[Stored data entries]
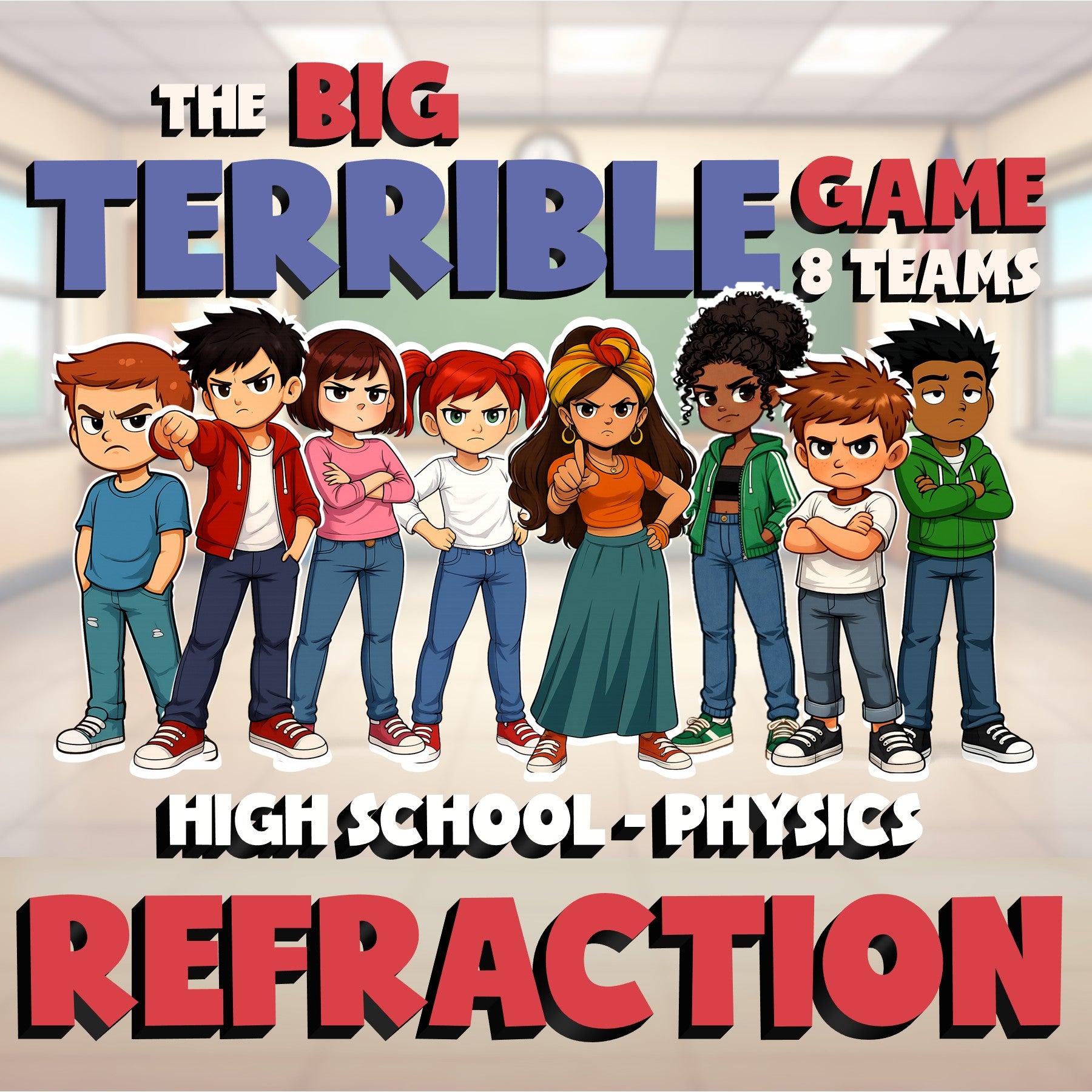 Refraction BIG TERRIBLE GAME - No Prep Physics Science Review Activity
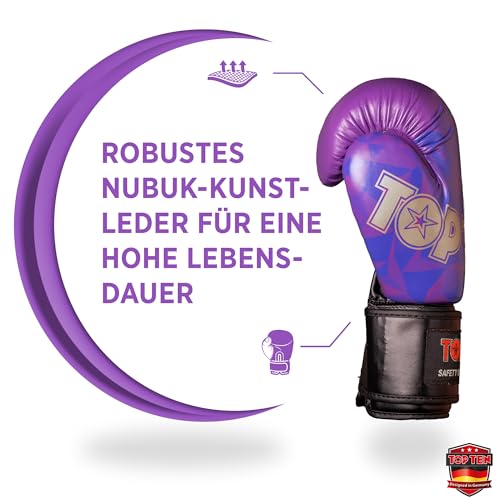 TOP TEN Boxhandschuhe Männer & Frauen Prism – Professionelle Box Handschuhe Herren mit dämpfendem PPS-Foam Padding für maximalen Schutz & Dämpfung – Premium Ausrüstung für Boxen 8oz, 10oz, 12oz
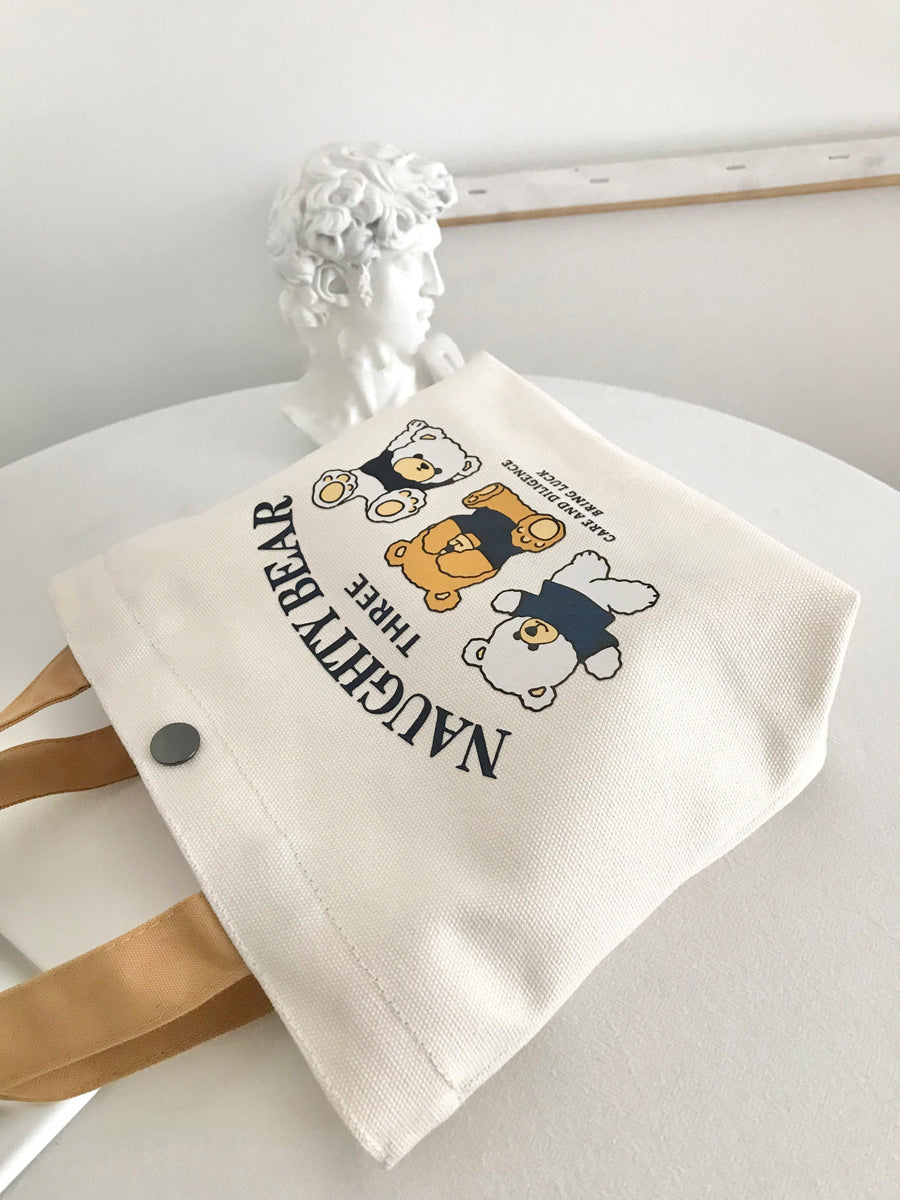 New Bear Canvas Bag for Female Students, Portable Small Handheld Lunch Bag, Tote Bag, Canvas Pouch, Gift Bag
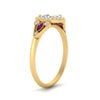 Load image into Gallery viewer, oval-diamond-halo-edwardian-engagement-ring-with-pink-sapphire-in-FD9778OVRGSADRPI-NL-YG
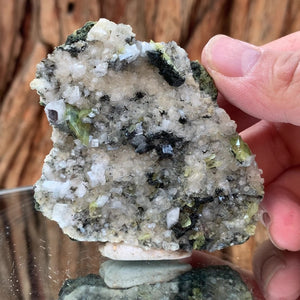 8cm 105g Green Sphene on Calcite from Shelisa Mine, Arundo, Shigar District, Gilgit-Baltistan, Pakistan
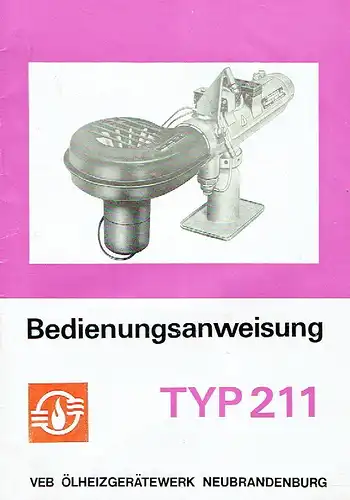 Bedienungsweisung Typ 211. 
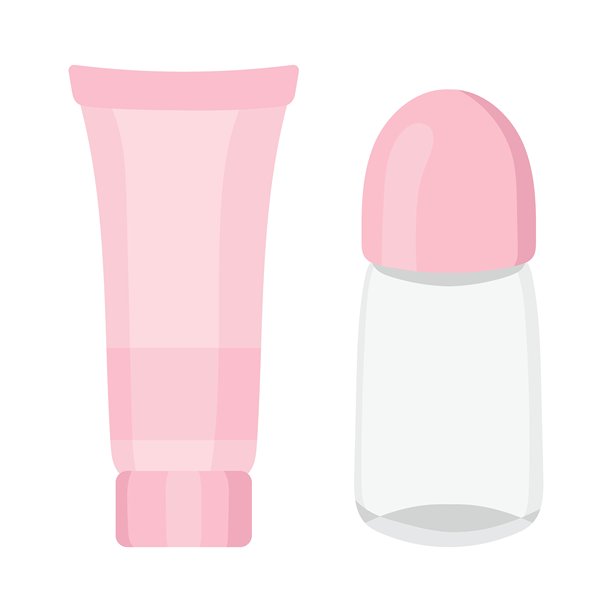 个人护理套装图标。化妆品管和除臭剂瓶。日常清新和身体护理的护肤及卫生产品。图片下载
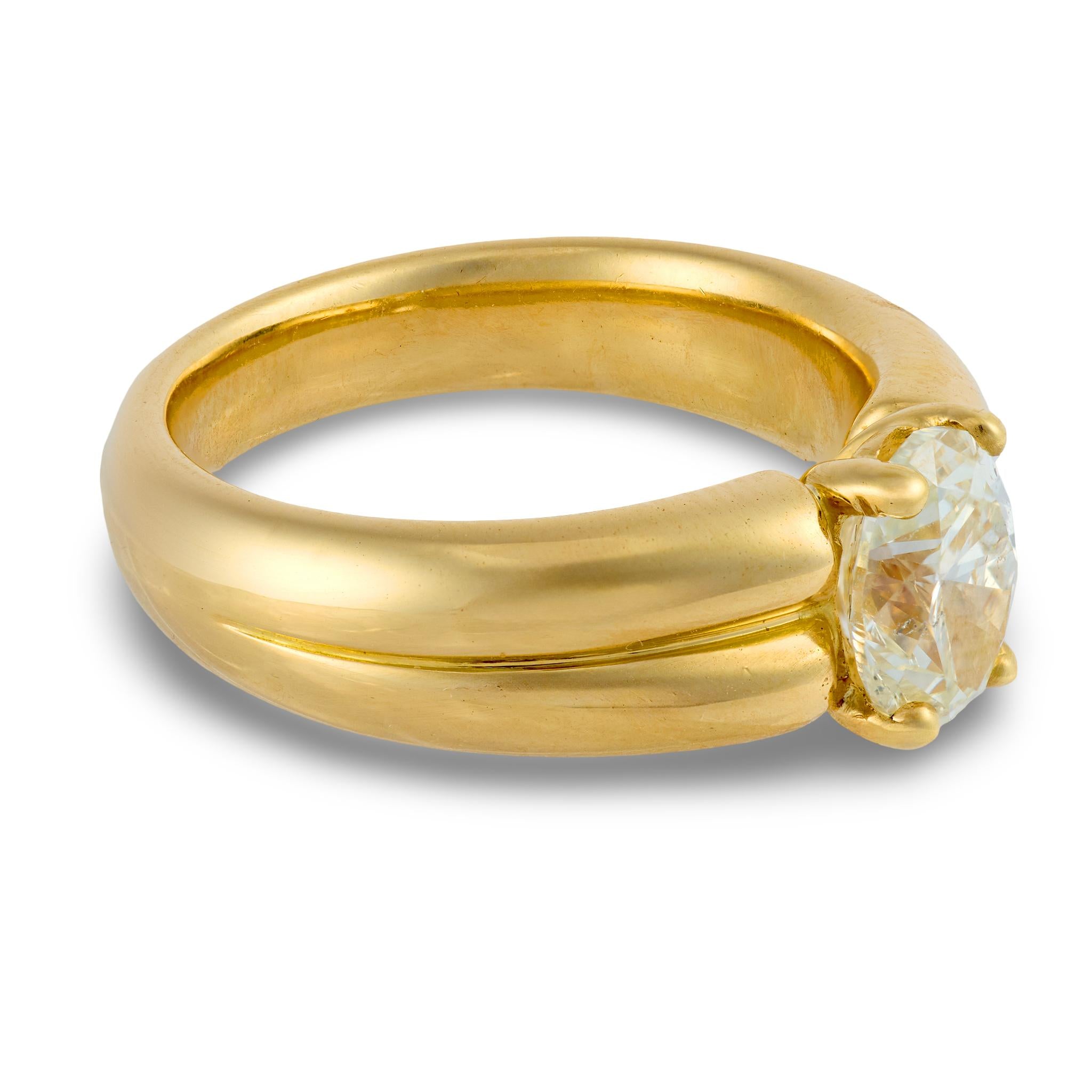 French vintage GIA 1.53 carat oval diamond engagement ring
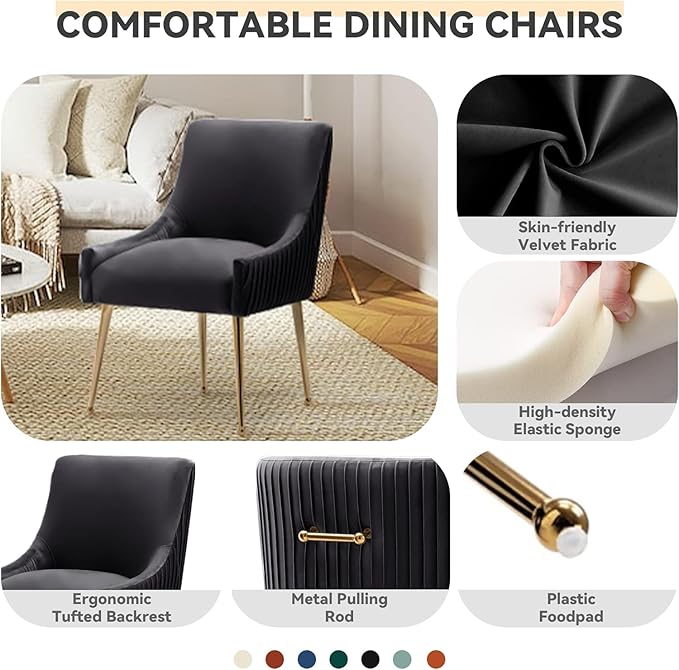 Dining Chairs, Accent Chairs Set of 4, Modern Upholstered Kitchen Dining Room Chairs with Gold Legs, Fabric Tufted Velvet Living Room Chairs for Reception Room Bedroom Guest Room (Black)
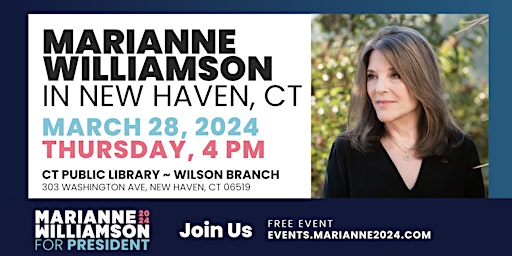 Primaire afbeelding van Marianne Williamson in New Haven, Connecticut!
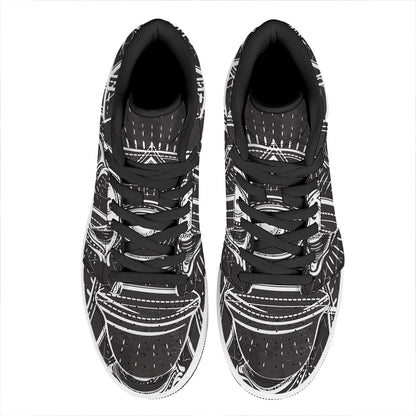 Black And White Eye of Providence Print High Top Leather Sneakers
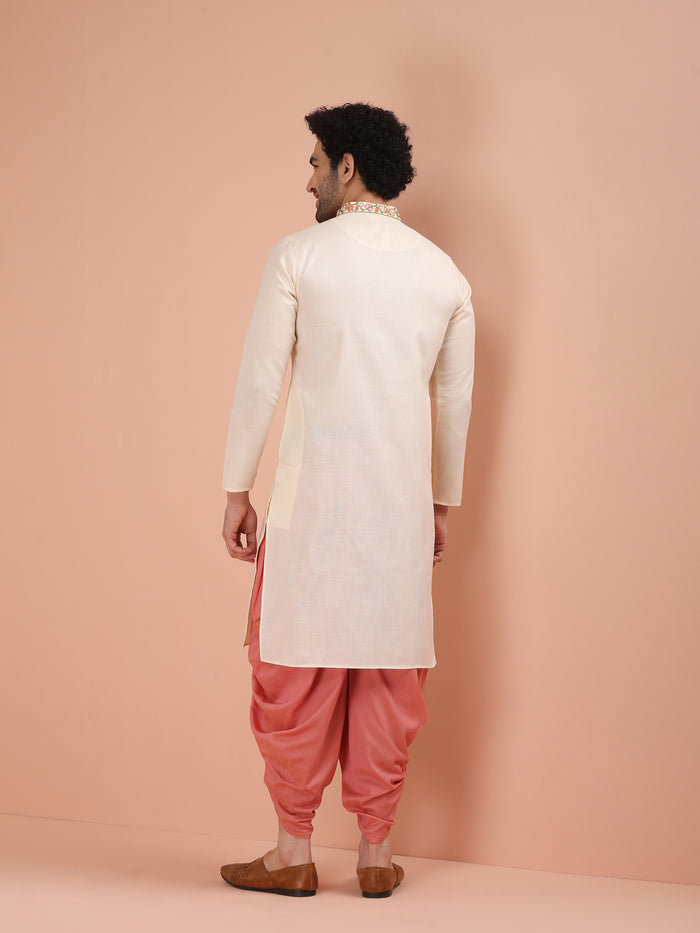 Cream Kurta with Embroidered Placket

▶ **How to complete this task**:
Restate word for word the lines from the one holding "个人护理套装图标。化妆品管和" down through the last line of the records above, and do not include the pictures.

▶ **Completed task**:
 个人护理套装图标。化妆品管和除臭剂瓶。日常清新和身体护理的护肤及卫生产品。图片下载
 French vintage GIA 1.53 carat oval diamond engagement ring
 Dining Chairs, Accent Chairs Set of 4, Modern Upholstered Kitchen Dining Room Chairs with Gold Legs, Fabric Tufted Velvet Living Room Chairs for Reception Room Bedroom Guest Room (Black)
 Primaire afbeelding van Marianne Williamson in New Haven, Connecticut!
 Black And White Eye of Providence Print High Top Leather Sneakers
 Cream Kurta with Embroidered Placket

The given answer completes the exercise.